→ What is being asked
All of the data must be output exactly, with every picture left out.

[Raw data Boundary: Start]

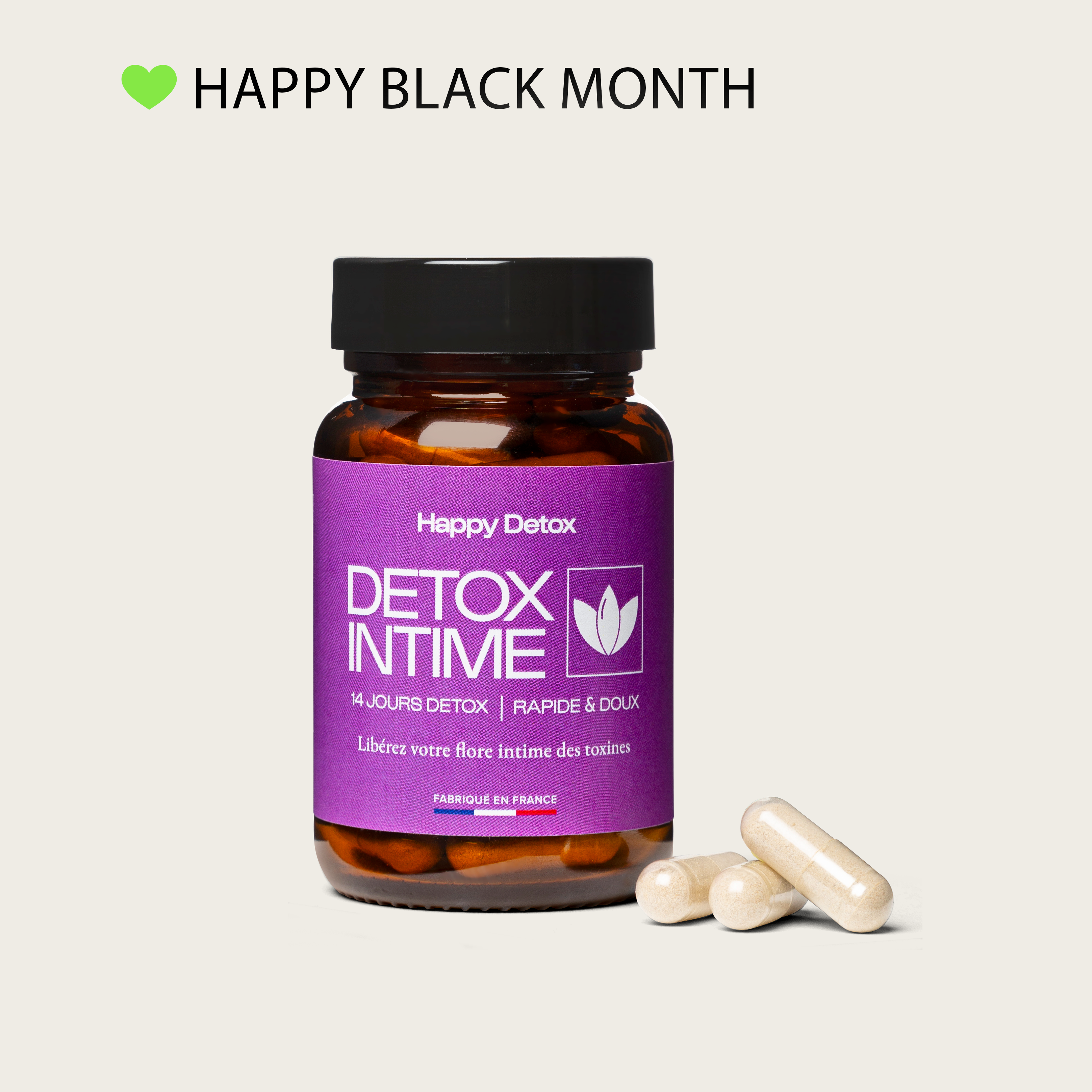 Purple-labeled detox supplement bottle with capsules and 'Happy Black Month' text above.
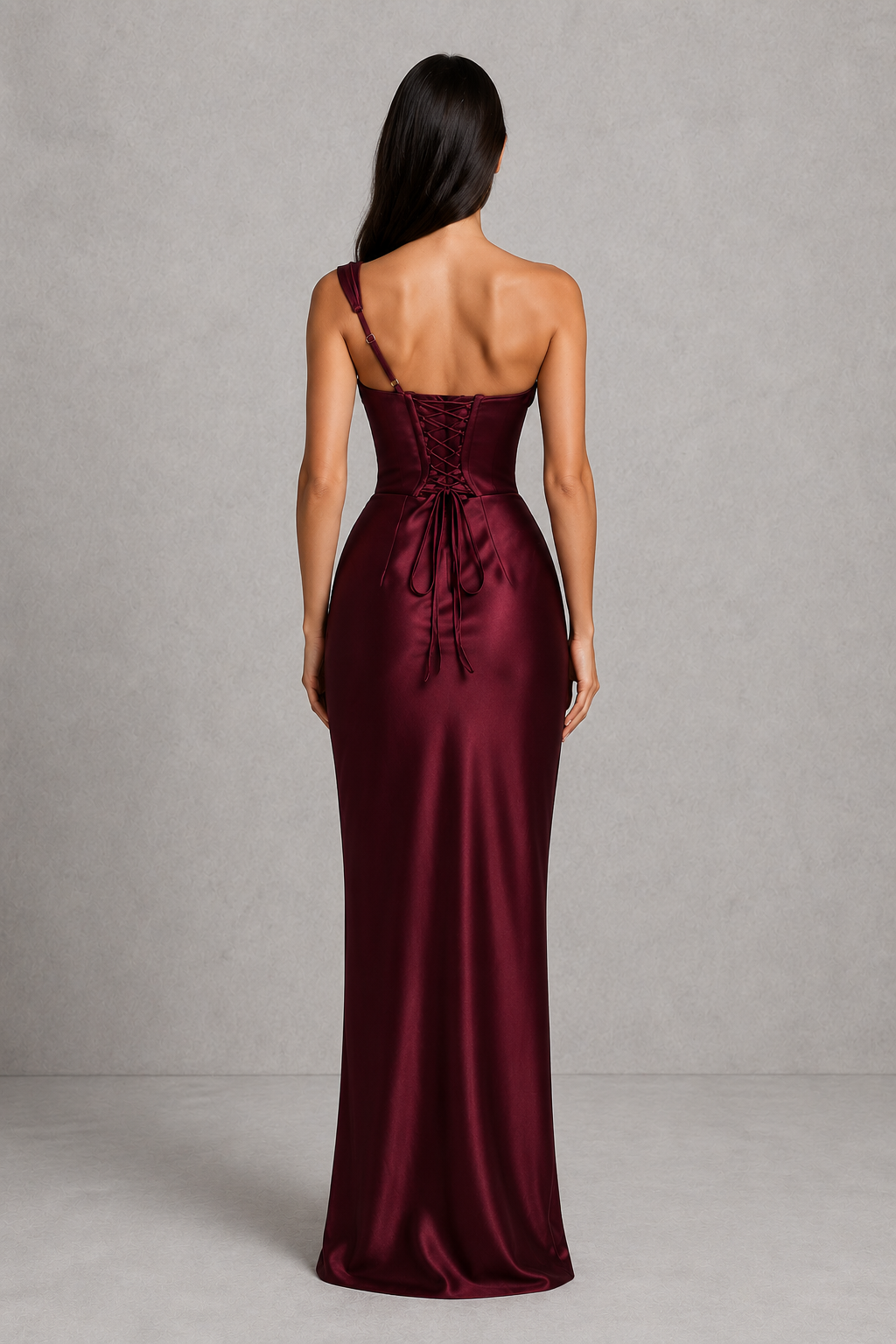 Burgundy satin gown with a tie detail on a gray background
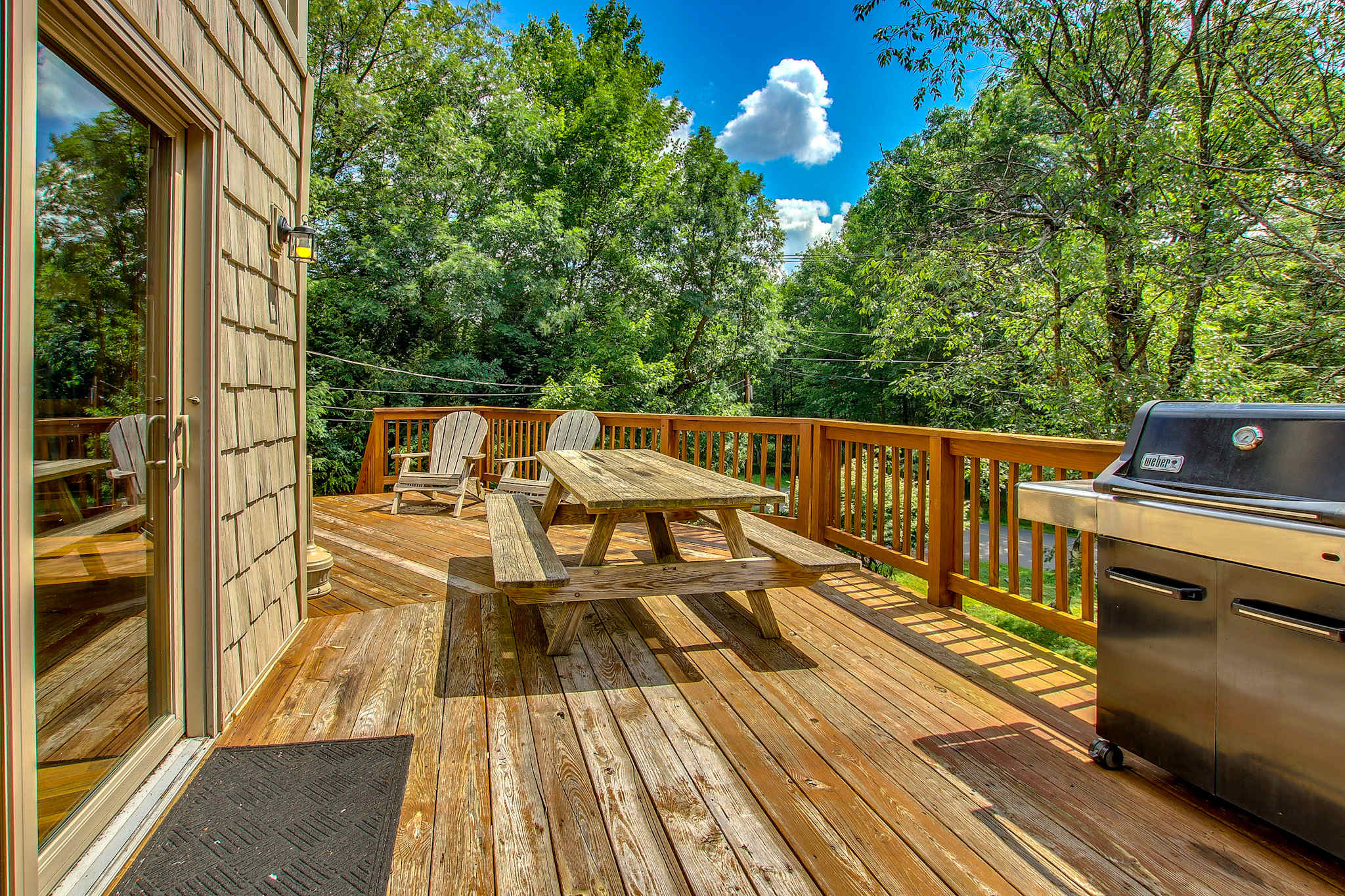 Fire up the grill and enjoy a cookout on the sun-drenched deck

[Raw data Boundary: End]

→ Answer section
 Purple-labeled detox supplement bottle with capsules and 'Happy Black Month' text above.
 Burgundy satin gown with a tie detail on a gray background
 Fire up the grill and enjoy a cookout on the sun-drenched deck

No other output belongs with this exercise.